For me right now it means accepting the frustration that we havent talked about anything productive in days and it's not likely to happen in more days either. Because, I'm not going to push and harden us in the same direction in order to feel like we're making progress towards a resolution. Did I actually say this? Yeah right.. it IS easier said than done. Of course we were pushed in the usual direction and had an unproductive conversation last night! I did see during it how it wasn't going to help the sitch and is making things worse even. It wasn't me pushing for the convo, or H, it was a combination of both. How we think we can discuss anything at the moment, I don't know. After the discussion I'm even more convinced that we're not going to fix things. There's just too much to fix. I was very sad after H went to bed. I let myself accept how broken we are and cried awhile. It brought up so many emotions I didnt expect. I didnt realize how much of a failure I feel like and how much I feel like I've let everyone down. How much I've been holding on to everyone's expectations that I'll stick with this and see it through and now realize that I can't do that. It's destroying me to stay with this R and keep trying. I'm just not that strong. I feel guilty for not being strong enough to keep trying.. feel awful to admit that I don't have the answers or the cure here. I also thought about how angry it makes me that the expectation is there from others that I'll keep working on this no matter what. It's like I don't have a right to my life.. I'm expected to stay in this unhealthy R because H is in it, the kids are in it and since they want to keep it.. I must follow through no matter the cost to me.
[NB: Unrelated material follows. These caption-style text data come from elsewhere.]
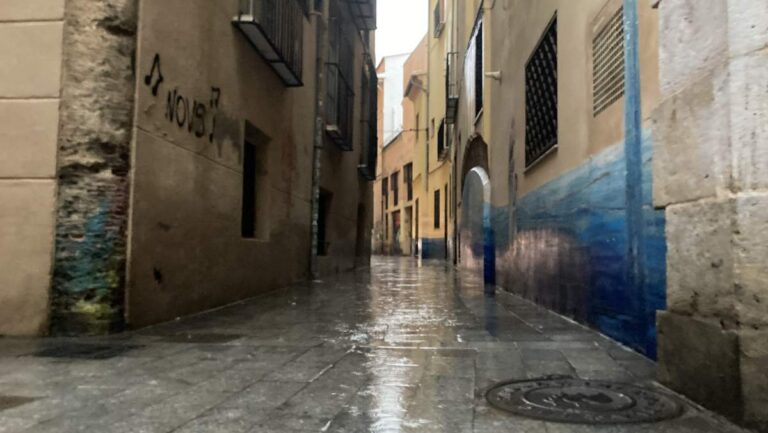 Street art depicting blue flood waters on a rainy steet in Valencia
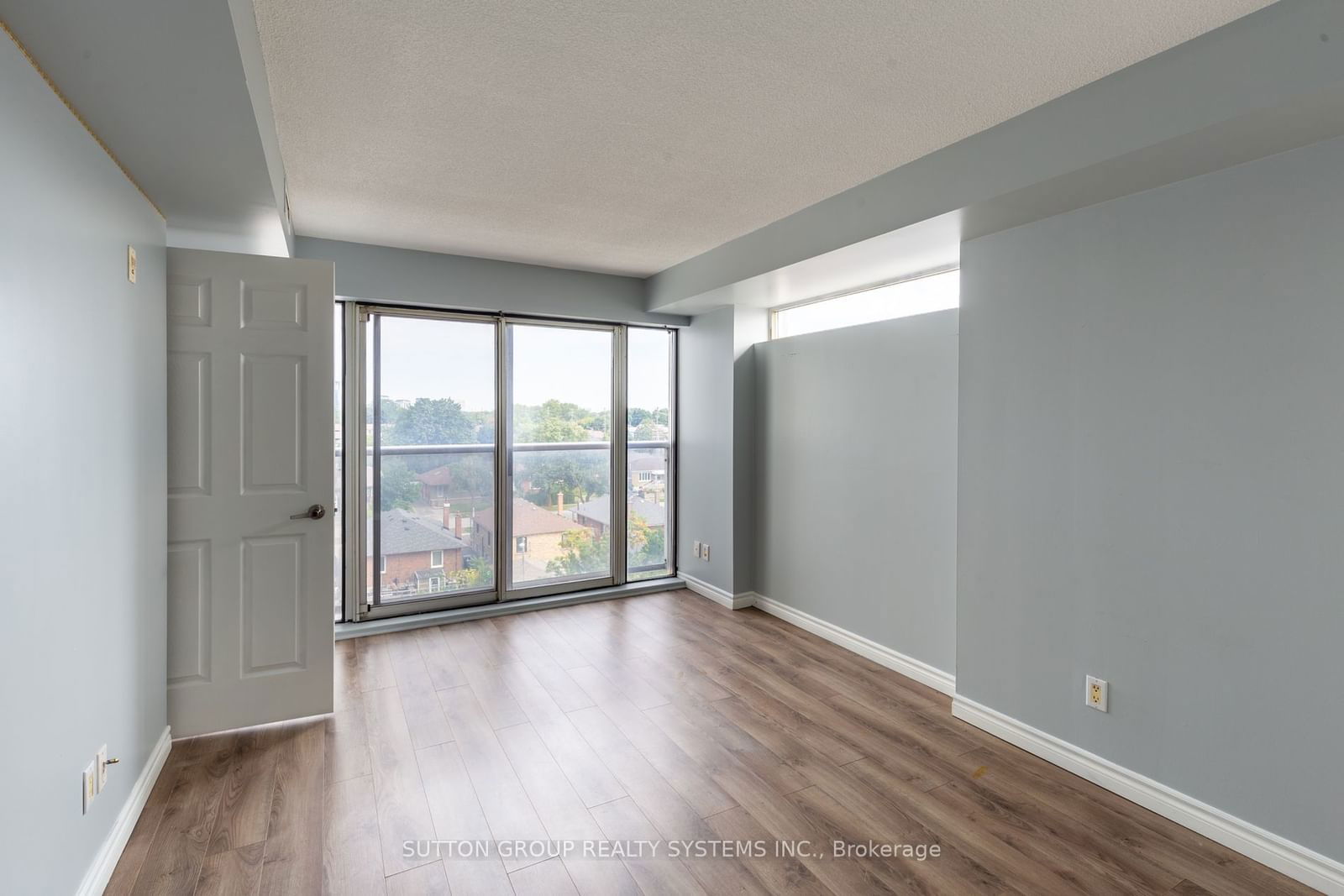 1040 The Queensway, unit 509 for rent - image #11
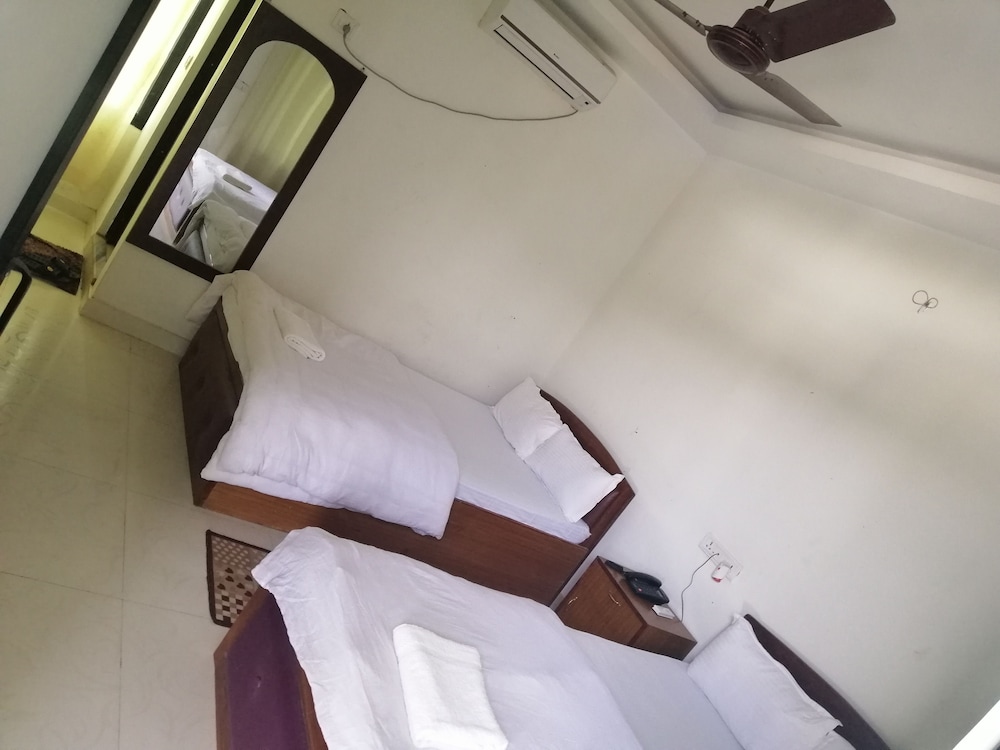 Family Suite, 2 Queen Beds, Pool View, Ground Floor photo 3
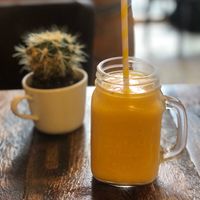 Mango banana smoothie, vegan at Texas Coffee House Mons in Mons
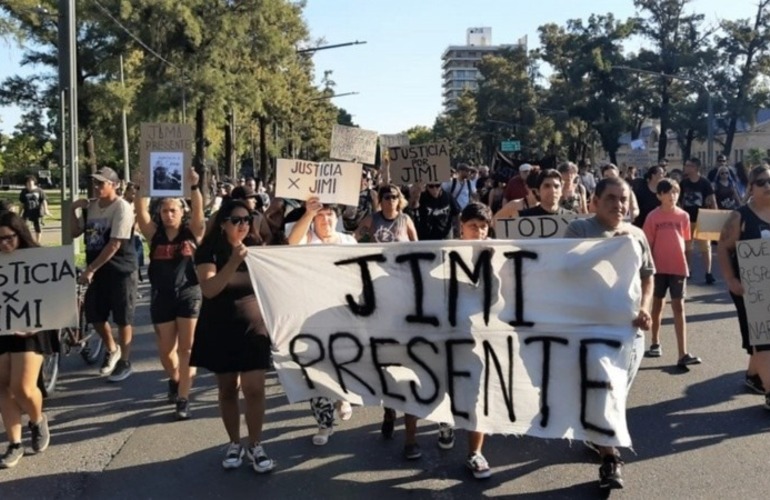 La manifestación atravesó el parque Independencia este domingo. (Rosario3)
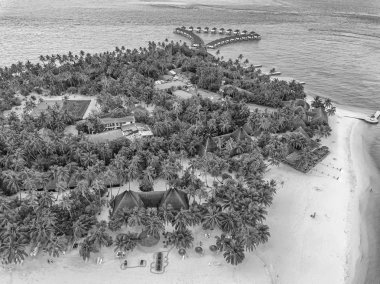 Laccadiv 'deki otel yaban ördekleri Hint Okyanusu' ndaki tropikal deniz rüyasına uçaktan ulaşırlar..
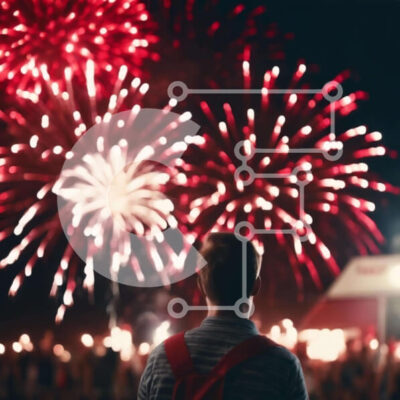 Intra Συλλεκτικό Ξύλινο Παζλ Plywood 4mm - Άτομο που παρακολουθεί επίδειξη κόκκινων και άσπρων πυροτεχνημάτων Σε Ξύλινο Κουτί - Διαστάσεις: 10x10 cm – 25 κομμάτια - Image 1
I told H that I love him and I care about him, but it's hard for me to do that actively right now. Any time I'm caring or loving right now, he assumes that means I want to continue our R and M and fix it. I don't. I can't see that happening.. it might in the DISTANT future, but right now it's impossible for me and I dont know what would change that. I told him as long as me being his friend and caring for him drags me back into the drama in his mind, I'll keep being angry and pushing him away just to prove that I'm serious about not having the strength to continue. It was the only progress we made last night. He said that he can understand what I'm saying and how much he's pressuring me to give what I cant. I mean.. he's not even able to hold up his end and has checked out emotionally... but is angry that I'm checking out too, but since I'm acknowledging that I'm doing that, it makes me the bad guy. I told him that it's the same.. I just choose to admit my defeat.. he chooses to exhibit it through his actions. He can "say" he's committed all he wants to, but unless he acts committed, he isnt. I can act committed, but if my heart isn't in it, it's a lie too.

Anyway.. down day today. But, maybe we can cohabitate without it being a warzone every day. If it has to be that way, I'll move me and the kids.. I just can't do it anymore. I'd rather us take our time and transition out of this R in a friendly way.. so I hope he cooperates to keep the peace.